I was having similar issues when DD was at that age and we decided to use sposies for night time. Well, I really didn't want to do that so we have been using Mother-ease diapers with the extra insert and the Air flow covers from ME. My DD is now 9 mo and nurses several times during the night as well. The ME dipes work well for us, but they don't really keep her skin dry. I think the sposies would be best to help with that particular issue, but I'm not sure how you might feel about that.


----------



## greenmulberry (Jan 11, 2009)

Thanks, I need to order some bigger diapers soon as we started out with only smalls, so I will but some of the things suggested.
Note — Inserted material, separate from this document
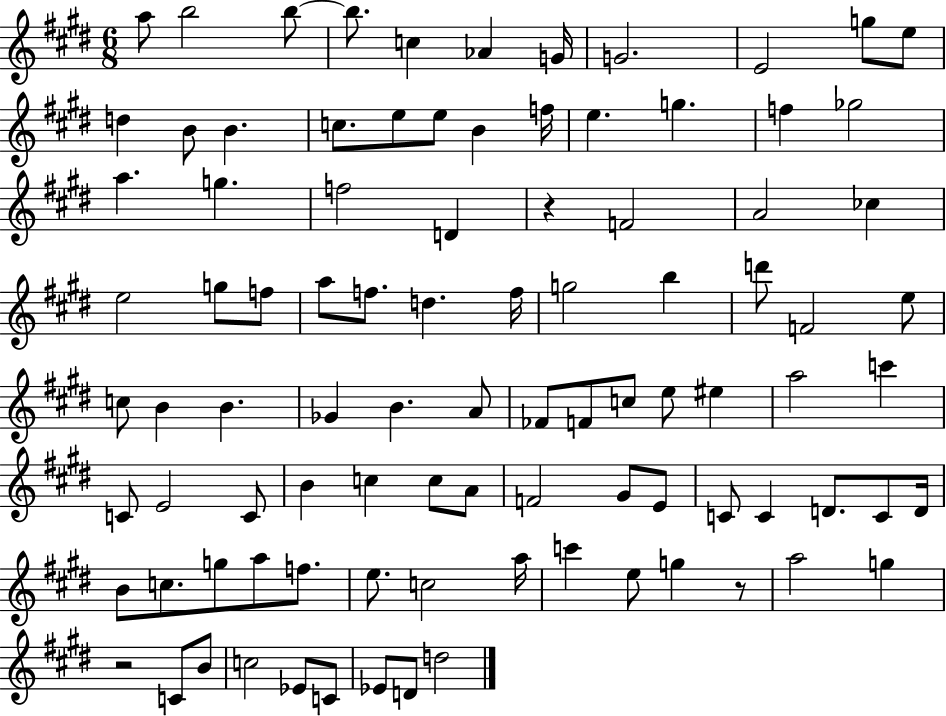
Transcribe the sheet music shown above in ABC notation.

I also am not opposed to disposables at night if it fixed the problem, so I will give that a trial run.


----------



## Midwesterner04 (Nov 19, 2009)

We use a snappi'ed prefold with a hemp doubler placed between the PF and the cover. I have found that my doublers really help to pull moisture from the PF and away from the baby (I use Hempbabies, which are thin enough that using more than one probably would not add too much bulk, if you need that much absorbency). Adding a breathable cover, like a wool wrap, has probably been the most helpful thing for us in terms of skin dryness. Bummis makes little fleece liners (5 for $5) you could lay on top of your prefold if you find you still need a stay-dry layer.

HTH!


----------



## HopefulJo (Dec 28, 2009)

With my almost-4-month-old, we had the same problem. Right now, our solution is a disposable at bedtime, and I still end up changing him (into cloth) at 3 or 4 am. When he's wet, he kicks his legs (at me!) and wiggles and wakes up way more often- and he gets REALLY wet at night, since he's eating all night, go figure.

Today I'm ordering the Premium sized prefolds & Medium covers, since he's peeing out of the Infant sized prefolds during the day, too. The larger prefolds may allow us to have him in cloth all night, at least until he's bigger.


----------



## Mis Trae (Jan 18, 2011)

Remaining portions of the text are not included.